The practice of charging road tolls is an archaic holdover blighting much of the Northeast. But Delaware has taken it to a grotesque extreme. Whereas the I-95 tolls amount to less than five cents per mile in New Jersey and four cents per mile in Maryland, in Delaware they cost an exorbitant 18 cents per mile. Which isn’t surprising because, in a deeper sense, Delaware’s tolls epitomize the state’s entire ethos. The organizing principle of Delaware government is to subsidize its people at the rest of the country’s expense.

[But not] all the instruments of Delaware’s rapacity take the form of meddlesome, high-handed government exacting inflated costs on out-of-state visitors. When need be, the state’s avarice can also be fed by the exact opposite. An example of this latter technique is Delaware’s enticement of much of the banking industry to relocate within its borders. It did so in 1981 not only by offering special tax breaks–the standard formula that states and localities use to woo industry–but by eviscerating its usury laws, which limit the interest a bank can charge for loans or credit cards.

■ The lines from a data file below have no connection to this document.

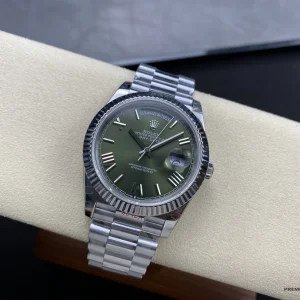 Close-up of olive green dial texture and applied hour markers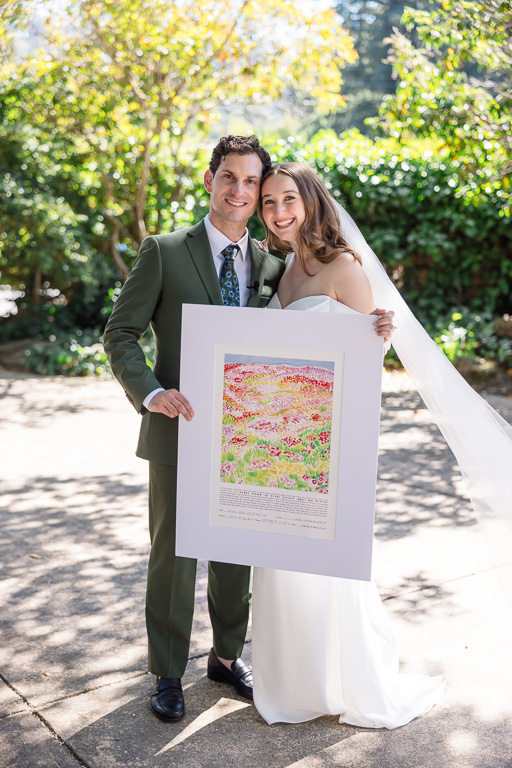 bride and groom holding up the finished floral-themed ketubah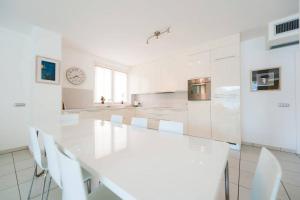 Maccagno InferioreにあるModern 3 bedroom apartment on Lake Maggioreの白いキッチン(長い白いテーブルと椅子付)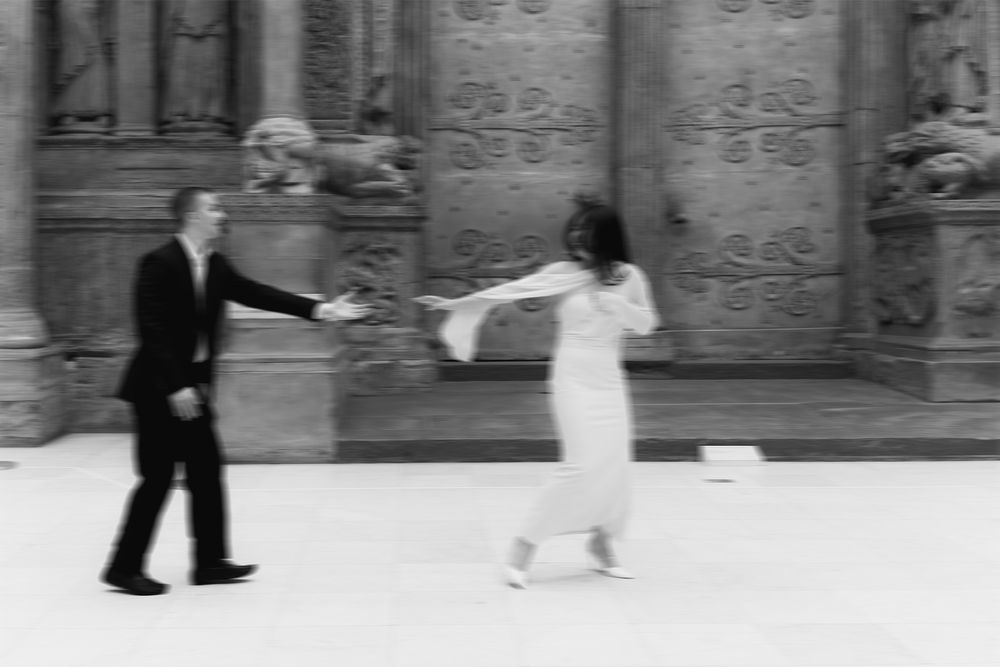 A sequence of black and white photos showing a couple dancing together in an elegant ballroom setting.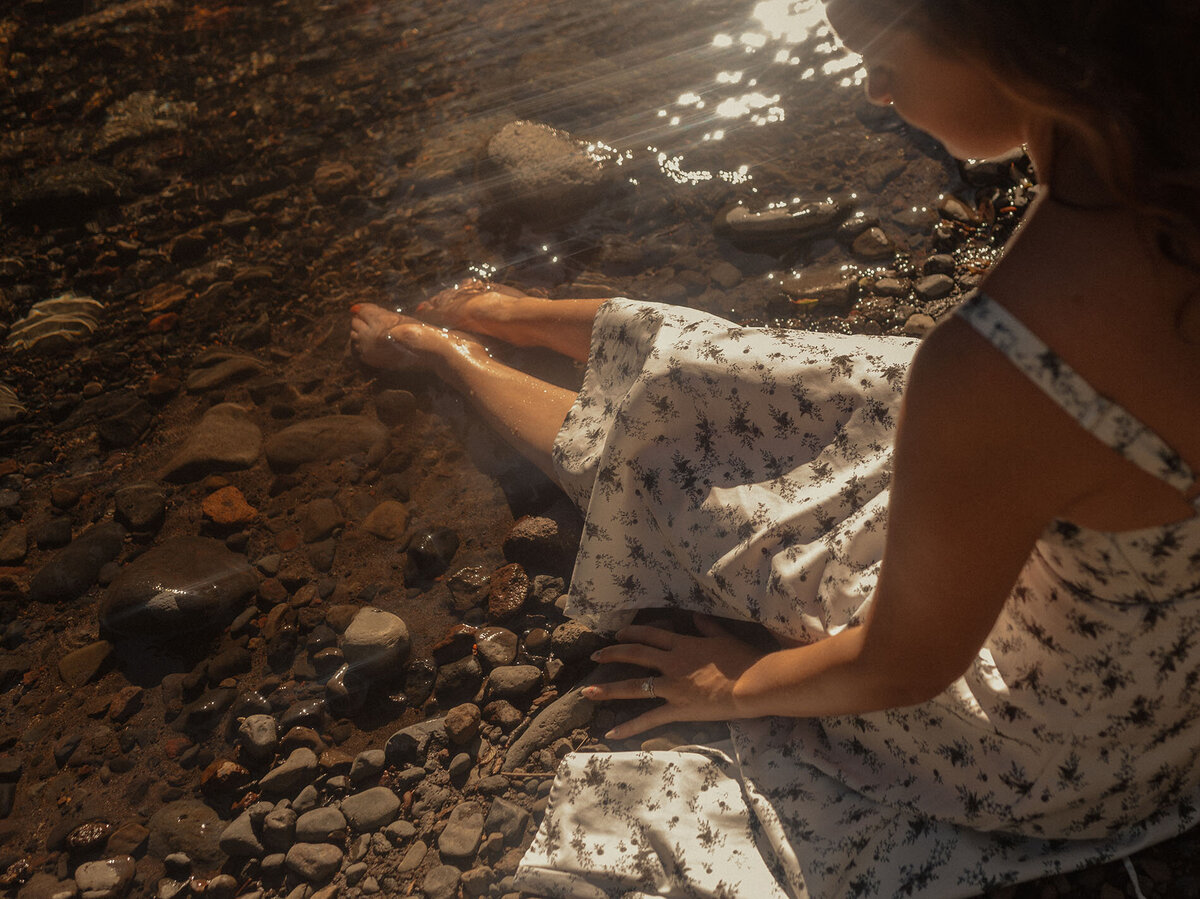 woman in white dress sits near the river and touches the water on a sunny warm day in Bend, Oregon
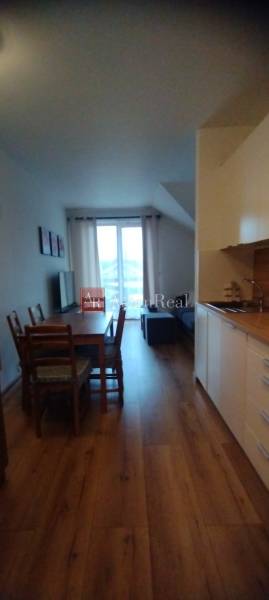 Küchenzeile mit Esstisch und Holzboden in einer 2-Zimmer-Wohnung.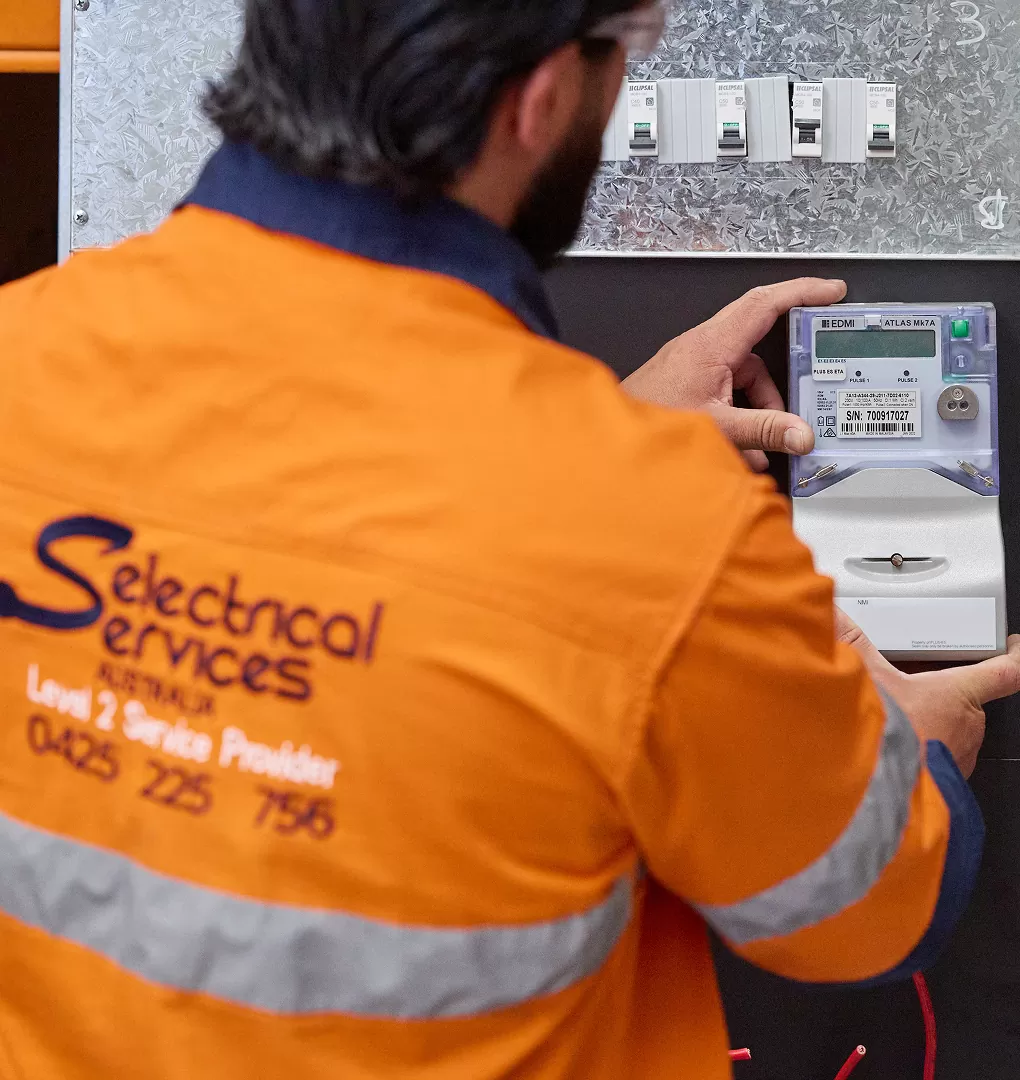 Electrician Installing A New Meter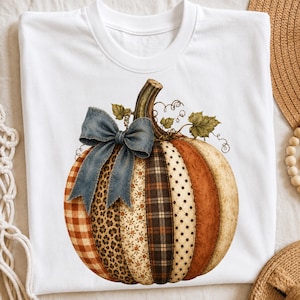 Peut inclure: Un t-shirt blanc orné d'un grand motif de citrouille composé de panneaux verticaux aux motifs variés, notamment vichy, léopard, floral, écossais et à pois. Un nœud bleu à texture denim est attaché à la tige de la citrouille.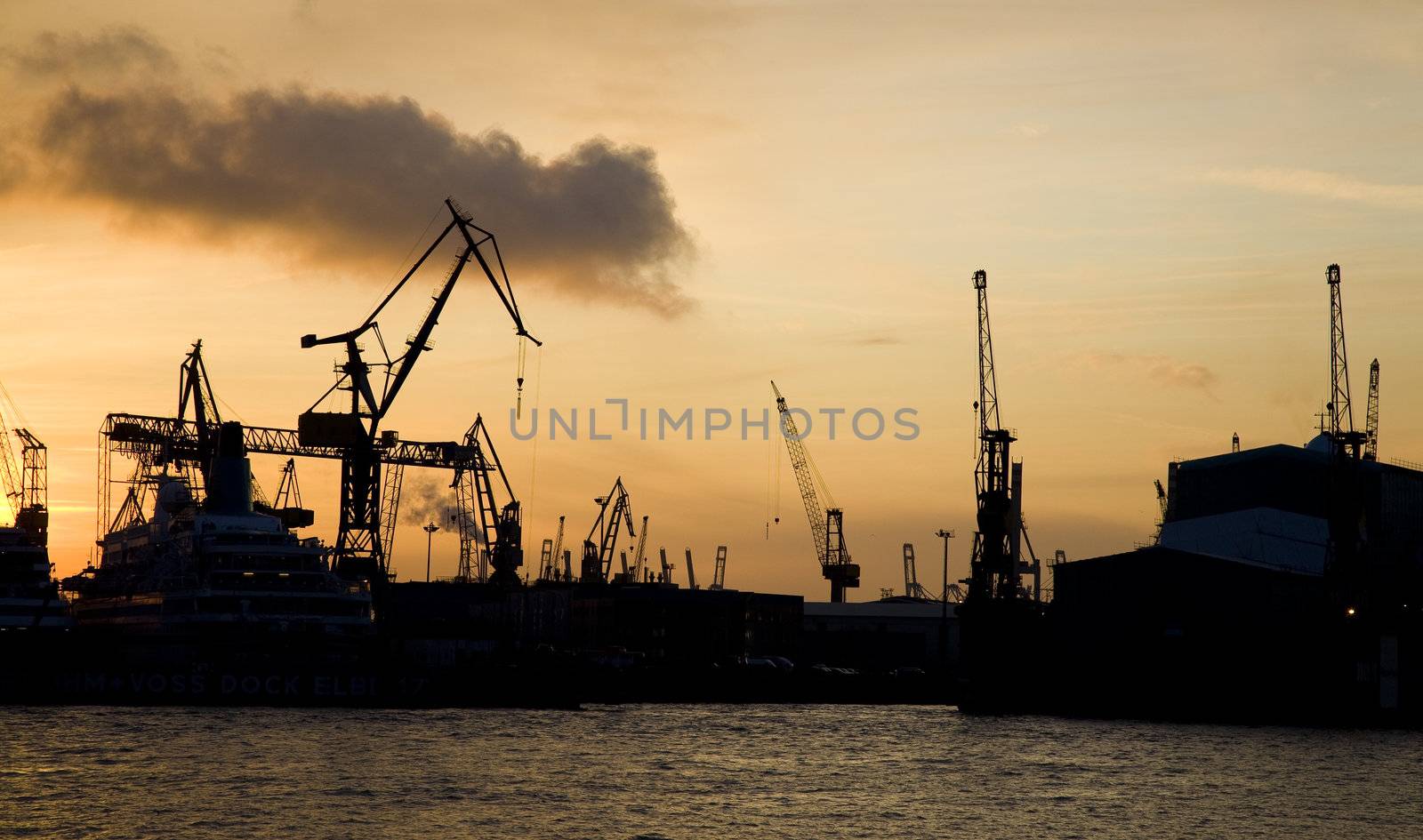 Sunset in the harbor of Hamburg - Germany.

[S]till, perhaps the prime example of what Louis D. Brandeis called the regulatory “race to the bottom” is Delaware’s biggest scam: incorporation fees. It so happens that in excess of 300,000 corporations–including half of the Fortune 500– incorporate in wee Delaware. . . . Delaware propaganda suggests it is primarily a function of the state’s efficient bureaucracy and legal system, which includes a chancery court (a chamber specializing in business disputes). This is partly true, but it ignores the overriding factor:. . . its laws are specifically crafted to appeal to the interests of corporate executives.

All of this is deliberate state policy. A hundred years ago, in fact, the great trusts preferred to incorporate in New Jersey, not Delaware. It was only when New Jersey, under the progressive-era governorship of Woodrow Wilson, altered its laws to take account of interests (other than management) that corporations began to flee across the Delaware River.

Jon Chait’s laments will be no surprise to those who run the “race to the bottom” blog. (As Tim Glynn notes, “Delaware’s jurists are willing to go beyond the traditional norms of judicial behavior to advance Delaware’s interests.”) Nevertheless, I may just end up on Delaware’s side in this particular dispute. New Jersey’s proposal doesn’t exactly sound enviro-friendly–and as one who commutes through the chemical tanks of Kearny, NJ on a daily basis, I’m not exactly confident in the state’s environmental record.


 March 31, 2008 at 6:21 pm   Posted in: Admiralty, Humor, Supreme Court   Print This Post Print This Post

Responses (2)

  1. James Grimmelmann - March 31, 2008 at 8:12 pm

    Spoken like a true New Jersey partisan!

  2. Delaware Native - April 3, 2008 at 10:39 am

    The Scotus decision had nothing to do with the environment, corporate law or an alleged race to the bottom. It had everything to do with Delaware’s historically valid claim to all the land — above or below water — within a 12-mile circle of the spire of the old courthouse in New Castle. That land was granted us by William Penn in 1682 — and we ain’t about to cede it to Noo frickin’ Joisey.